Israel's UN envoy says Palestinian recognition will not be blocked

Israeli officials have expressed concern about the diplomatic implications of statehood recognition and have carried out an intensive lobbying effort against it.

JERUSALEM // Israel will fail to block the Palestinian bid to win United Nations recognition of statehood next month, the country's envoy to the UN has said.

Only a few countries "will vote against the Palestinian initiative", wrote the envoy, Ron Prosor, in a secret cable last week to Israel's foreign ministry, excerpts of which were published yesterday in the Israeli daily Haaretz.

The most that Israel "can hope to gain is for a group of states who will abstain or be absent during the vote", the newspaper quotes Mr Prosor as saying.

The Palestinians need a simple majority of the UN's 193 member states to receive recognition.

Israeli officials have expressed concern about the diplomatic implications of statehood recognition and have carried out an intensive lobbying effort against it.

The disclosure of Mr Prosor's assessment came days after the US consul general in Jerusalem, Daniel Rubinstein, allegedly warned Palestinian officials that their statehood bid was "useless" and risked costing the Palestinians substantial US financial aid.

Mr Rubinstein issued the warning during a recent meeting in Jericho with Saeb Erekat, the chief Palestinian negotiator in talks with Israel, who made public his account of the conversation last week.

"If the Palestinian Authority insists on going to the Security Council, the US will use the veto," Mr Erekat quoted the US official as saying.

Although the Obama administration has publicly voiced its opposition to the statehood bid, Mr Rubinstein made it clear that the US Congress, where Israel enjoys widespread support, would lead the effort to punish the Palestinians, including a cut in US aid, if they did not stand down.

On Saturday, Arlissa Reynolds, a spokeswoman for the US consulate in Jerusalem, disputed Mr Erekat's account of the meeting.

"While we cannot get into private diplomatic discussions, this report is not an accurate portrayal of the US position, nor did [Consular General] Rubinstein make the comments purported in the media", Ms Reynolds said in a statement published by the official Palestinian news agency Wafa.

She noted that the US president, Barack Obama, has made it clear that "initiatives through the UN will not bring about the two-state solution and enduring peace, which both the parties and the US seek".

Both Israel and the United States have urged the Palestinian Authority president, Mahmoud Abbas, to return to US-sponsored peace negotiations.
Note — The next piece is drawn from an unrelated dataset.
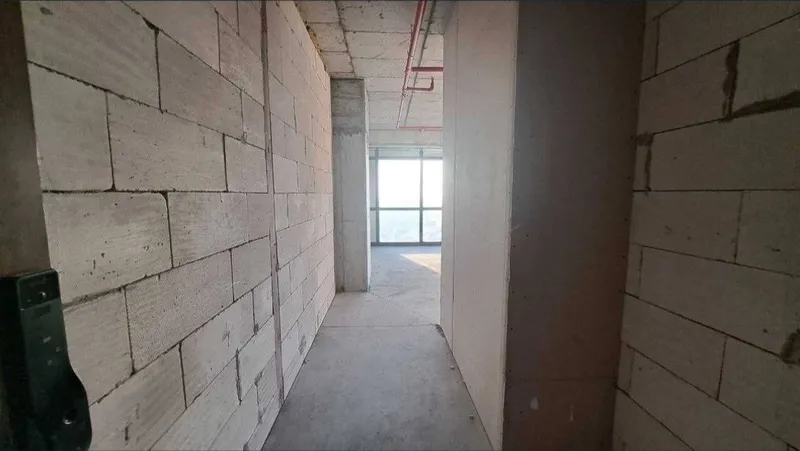 Срочно Продается ЖК PIRAMIT Яккасарайский район ул.Бобура — фото 3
Those talks broke down last year because Israel refused to stop building settlements in the West Bank.

Mr Abbas said on Saturday that he would halt the UN bid if Israel first halted settlement construction and agreed to the borders that prevailed before the 1967 war as a basis for negotiations.
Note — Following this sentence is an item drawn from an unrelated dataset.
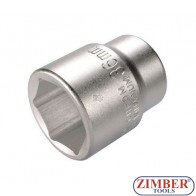 Tubulara cu 6.Pereti3/4" - 35mm - BGS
"Without this, we will continue going to the UN," he said.

Those demands appear unlikely to be met, and all expectations are that the Palestinian president will put the statehood measure to the UN secretary general, Ban Ki-moon, for consideration on September 20.

Palestinian officials believe they have earned the support of more than enough countries to pass a General Assembly resolution recognising a Palestinian state. While not offering full UN recognition, such an endorsement would upgrade the Palestinians from observer to non-member-state status and provide them with enhanced access to UN institutions.

Last week, Honduras and El Salvador formally recognised Palestine as an independent state and China, a veto-wielding member of the Security Council, has said it would vote in favour of Palestinian statehood. Some 120 countries have so far recognised a Palestinian state.

Several key European Union states, including Britain, France and Spain, have not explicitly stated where they stand on the issue.